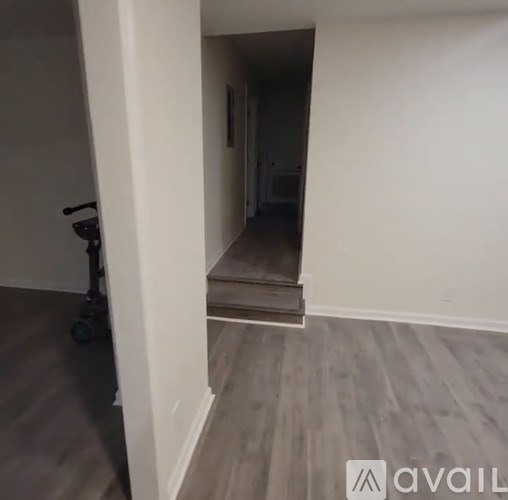 A room with a wooden floor and a wall with a doorway.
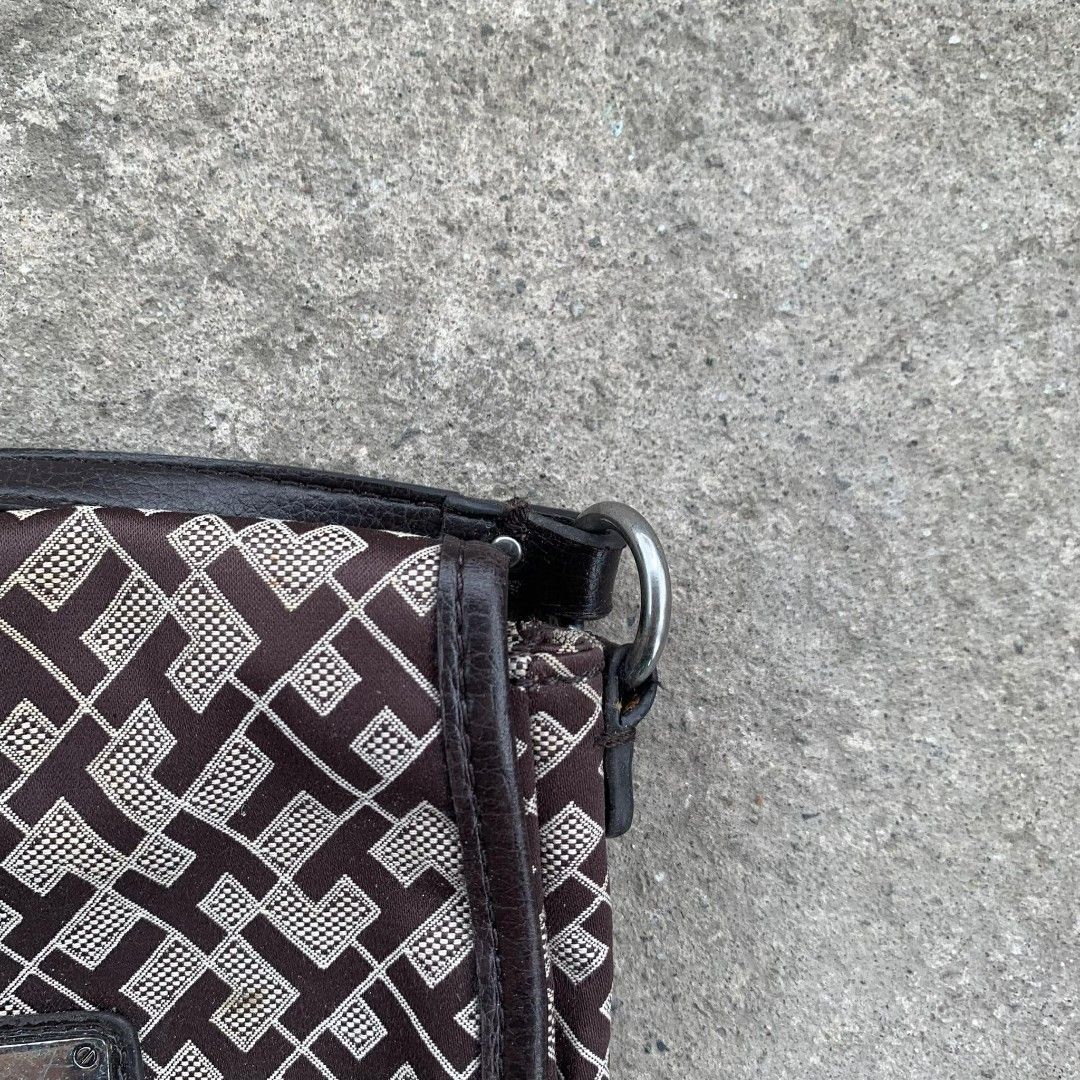 Tommy Hilfiger Crossbody Bag (Category: Cross-body Bags) located in Manila. Submitted by emmanthrift (Listing ID 1406276756, Image 3). Description: Features a brown and beige pattern, flap closure, and adjustable strap. Lined with blue fabric..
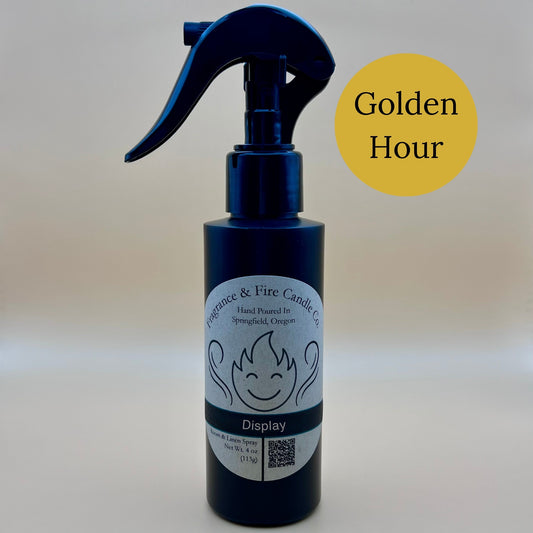 Black spray bottle from Fragrance & Fire Candle Co., Springfield, Oregon, with a black spray nozzle. The bottle has a white label with a stylized flame logo, the text "Fragrance & Fire Candle Co. Hand Poured In Springfield, Oregon," and "Display" scent name. The label also includes a QR code and the text "Room & Linen Spray Net Wt. 4 oz (113g)." A dark yellow circle in the upper right corner reads "Golden Hour."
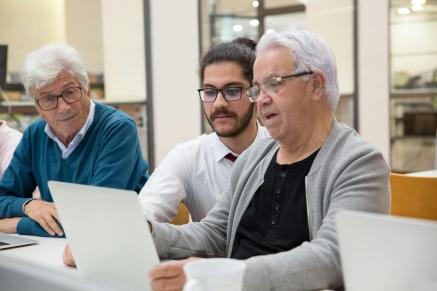 An older man and woman sit in front of laptop computers with a younger man.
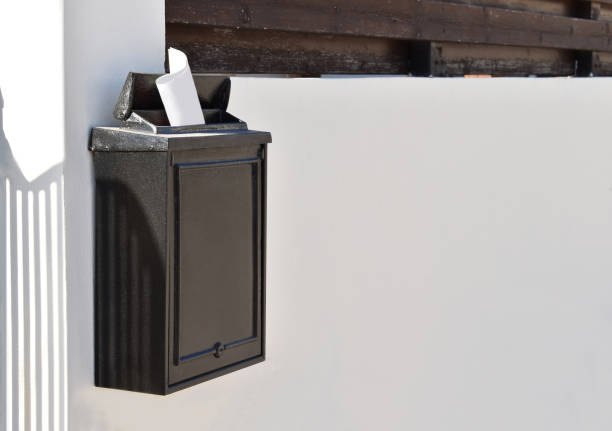 istock Black mailbox in front of a house with shadow and sunlight. 1710847632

□ □ □

What you have to do
Set down word for word the lines from the opening of the entries above through the line that contains "Tommy Hilfiger Crossbody", and omit every picture.

Task solution
 A room with a wooden floor and a wall with a doorway.
 Tommy Hilfiger Crossbody Bag (Category: Cross-body Bags) located in Manila. Submitted by emmanthrift (Listing ID 1406276756, Image 3). Description: Features a brown and beige pattern, flap closure, and adjustable strap. Lined with blue fabric..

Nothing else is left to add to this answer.